The FTimes Project The HashDig Project The WebJob Project The PaD Project
Location: / Home / FTimes / HashDig
FTimes
Home
1 Welcome To The HashDig Project

HashDig technology is a collection of utilities designed to help practitioners automate the process of resolving MD5 and SHA1 hashes. In the early stages of an investigation, it is not typically possible or practical to examine all subject files. Therefore, practitioners need reliable methods that can quickly reduce the number of files requiring examination. One such method is to group files into two general categories: known and unknown. This method can be implemented quite effectively by manipulating hashes and comparing them to one or more reference databases. Even that, however, can take a significant amount of effort. HashDig technology attempts to reduce this burden through automation and the use of lightweight, open, and verifiable techniques.

HashDig technology was designed to work in conjunction with FTimes and is currently maintained and distributed under that project (click here for cvs access). The name, HashDig, is reminiscent of the dig (domain information groper) utility because it performs a type of resolution.

FTimes is a system baselining and evidence collection tool. The primary purpose of FTimes is to gather and/or develop topographical information and attributes about specified directories and files in a manner conducive to intrusion and forensic analysis. FTimes is available here.

2 Constructing Reference Databases

There are a number of different sources for obtaining known hashes. The purpose of this section is to describe how to harvest these sources and create reference databases using HashDig technology. Any database that contains known hashes can be used as a reference. However, it's best to construct reference databases such that they only contain known hashes.

A HashDig database is an ordered list of MD5 or SHA1 hashes -- each of which is tagged as known (K) or unknown (U). HashDig databases are implemented as BTrees and constructed using Perl's DB_File module. Enumerating these databases yields the following format:

    hash|category

Ideally, reference databases should be proactively created and regularly maintained. The payoff for this investment is realized when you are called upon to investigate an intrusion or verify the integrity of various files.

The most important investment you can make to speed hash resolution is to create system baselines for all systems under your purview. Ideally, this would be done before each system is deployed in an operational environment. If these systems undergo a significant amount of change, then it is equally important to take snapshots on a regular basis. With tools like FTimes that were built to operate on an enterprise scale, the cost of setting up an integrity monitoring framework pales in comparison to the amount of time it will take to resolve hashes where no prior baselines exist.

That being said, the remainder of this section is dedicated to the task of creating reference databases from the various available sources.

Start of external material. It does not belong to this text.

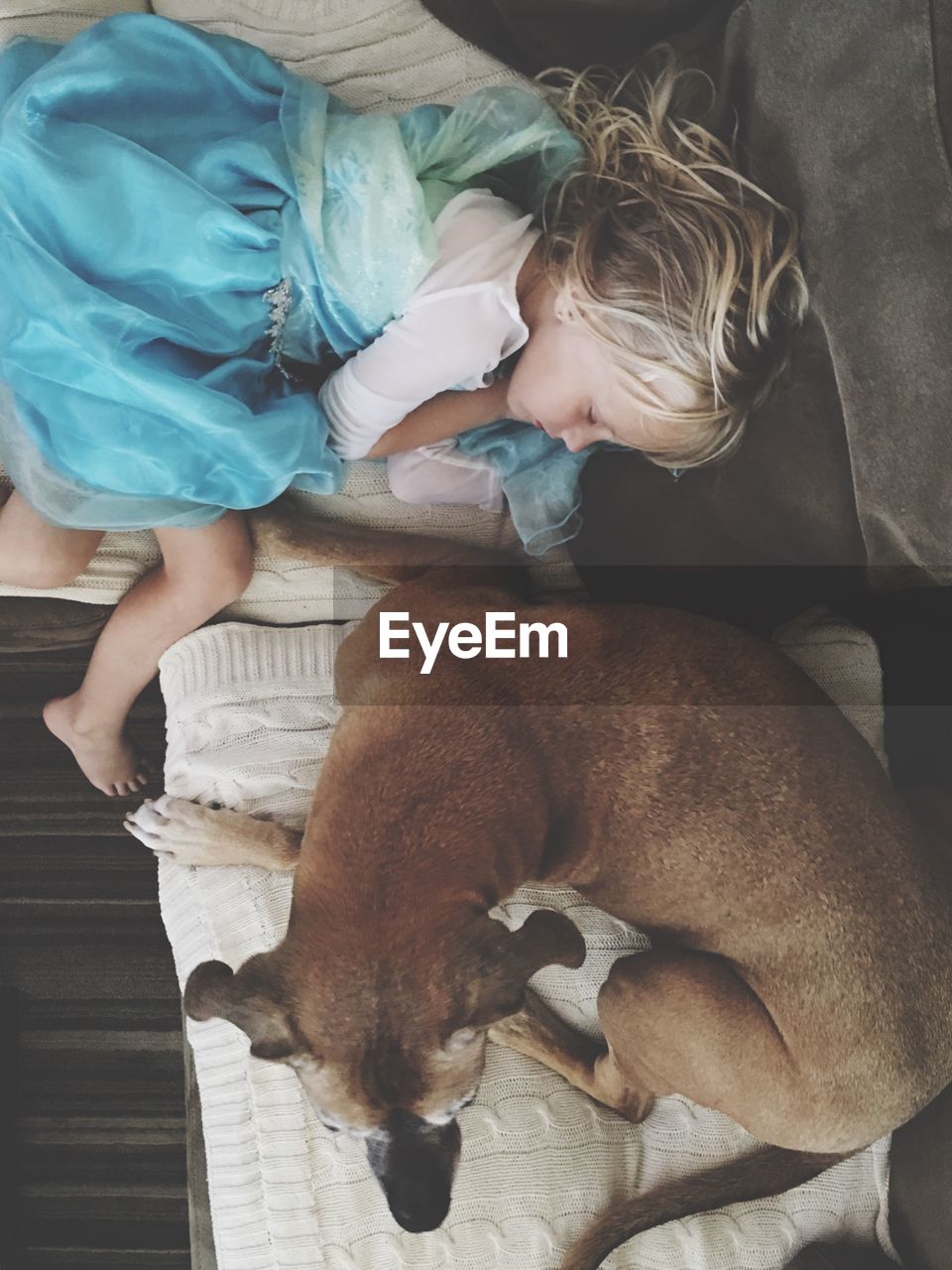 High angle view of girl sleeping on sofa by dog at home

Important sources for hash resolution include:

  • National Software Reference Library (NSRL)
  • Sun's Solaris Fingerprint Database
  • HashKeeper
  • KnownGoods
  • Installation media, packages, and backups

Two critical assumptions, implicit in this approach, are that these sources are untainted and their hashes correspond to known good files. It is possible that a particular source contains hashes that correspond to known bad files, but that would require additional tags or separate handling to prevent confusion. This document makes the assumption that all hashes harvested from reference sources correspond to known good files.

2.1 National Software Reference Library (NSRL)

Information on the NSRL project and how to obtain NSRL data sets is available here.

Over time, NSRL data sets will play an increasingly important role in hash resolution -- to the point that best practices will dictate their involvement in all but the most trivial cases.

To construct an MD5 reference database from NSRL data sets, run the following commands:

    hashdig-harvest.pl -c k -t nsrl1 -o nsrl.hd NSRLFile.txt
    hashdig-make.pl -F -i -d nsrl.db nsrl.hd

Documentation on hashdig-harvest.pl and hashdig-make.pl can be obtained by running perldoc on the respective files as follows:

    perldoc hashdig-harvest.pl
    perldoc hashdig-make.pl

As additional NSRL data sets are released, any new MD5 hashes can be merged into the existing database (i.e., nsrl.db) by rerunning the harvest and make utilities as follows:

    hashdig-harvest.pl -c k -t nsrl1 -o nsrl.hd.new NSRLFile.txt.new
    hashdig-make.pl -d nsrl.db nsrl.hd.new

2.1.1 NSRL Gotchas

Presently, hashdig-make.pl properly parses NSRL data sets, but there is one known issue to keep in mind: The field separator for NSRL data sets is a comma. The problem with this is that various filenames in the data sets (e.g., ",jack.gif") also contain commas. Unfortunately, this complicates parsing logic and makes it more error prone. If you are processing NSRL data and observe errors related to record parsing, inspect the offending record(s) to determine if this issue applies.

Running the harvest script on millions of hashes takes a lot of space. Consequently, your /tmp partition may fill up. By default, /tmp is used as the temporary work area. This location can be changed with the '-T' option.

Don't assume that all hashes in NSRL data sets are known good hashes.

2.2 Sun's Solaris Fingerprint Database

Sun's online fingerprint database is available here.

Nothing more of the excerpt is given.